Happy Friday Peepuls. Now before we all set our sights on Friday art parties and dancing and getting crazy and writing on people’s foreheads with markers, it’s time for us to get Debatified so we are all ready to vote. Obama is ahead in New York by like a hundred and five percent but apparently there are some states in the imperfect union where it is still a toss-up and people are just not sure who’s better. Moderator Candy Crowley scoured all of New York’s Long Island Tuesday and came up with only 82 people who still don’t know who they’re voting for – 12 of them polled just before airtime were also not sure who is on the one dollar bill, so there’s a clue for ya right there. Here’s a capsulized version of what went down.
1. Becca and Philip Lumbang (LA)
2. “Purple”, a Female Group Show in Williamsburg (BKLN)
3. Fairey’s “Sound and Vision” (London)
4. Gregory Siff is “A Matter of Time” in LA
5. Shark Toof Takes a Bite out of LA
6. Meanwhile, Back in Haunted Brooklyn…Get Out Your Knife
7. “The Art of Basketball” at the Pop International Galleries (NYC)

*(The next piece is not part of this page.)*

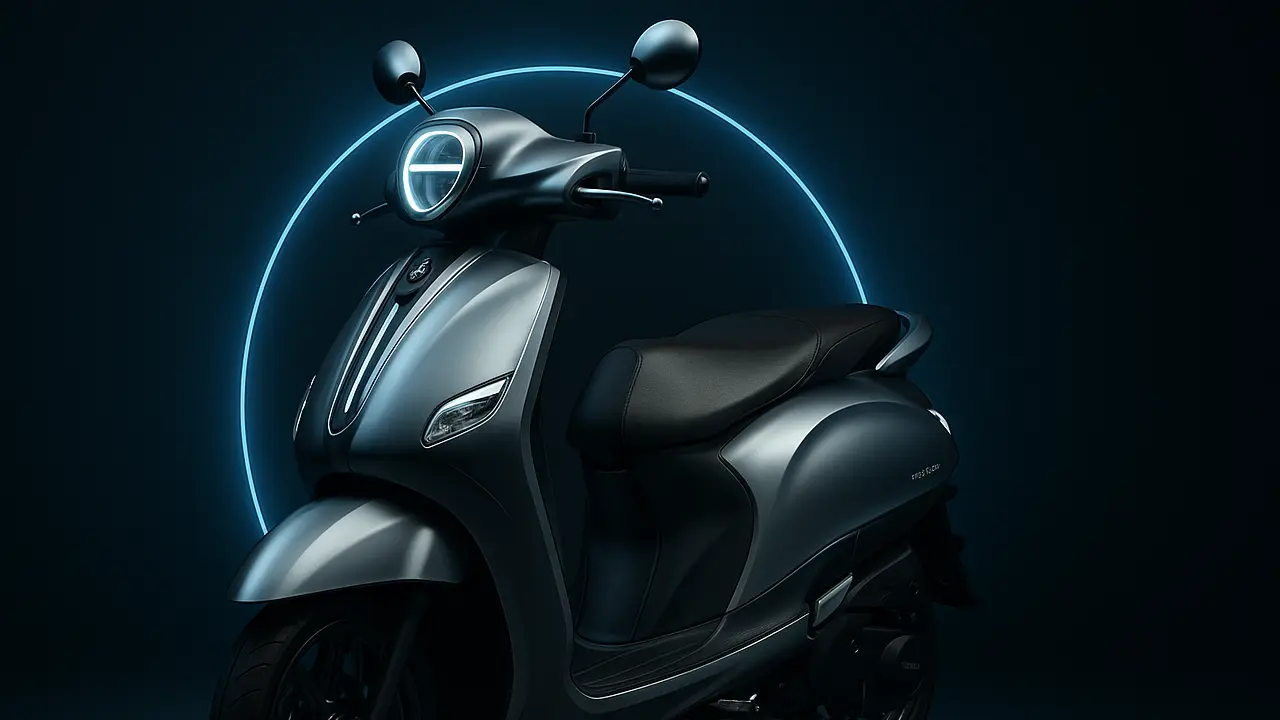 Yamaha Grand Filano Hybrid Connected 2025: Skutik Kelas Premium, Irit 60 km/l, Fitur Y-Connect, Harga Mulai Rp28 Jutaan yamaha grand filano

8. Gallery For The People at Stonebook Court Estate (Los Altos)
9. “It’s Alive 2” at Urban Folk Art Gallery (BKLN)
10. “Art on the Seam” Documentary teaser (VIDEO)
11. Vermibus – The Sting (VIDEO)
12. ROA in the Boneyard (VIDEO)
Becca and Philip Lumbang (LA)
Becca and Philip Lumbang, two of LA’s Street Art scene, are teaming at Lab Art Gallery in Los Angeles, CA with their show titled “Babes & Bears” now open.
For further information regarding this show click here.
“Purple”, a Female Group Show in Williamsburg (BKLN)
“Purple” is the new color for this season as envisioned by a strong group of female Street Artists in a group exhibition in Brooklyn, NY at Causey Contemporary. This show opens tonight.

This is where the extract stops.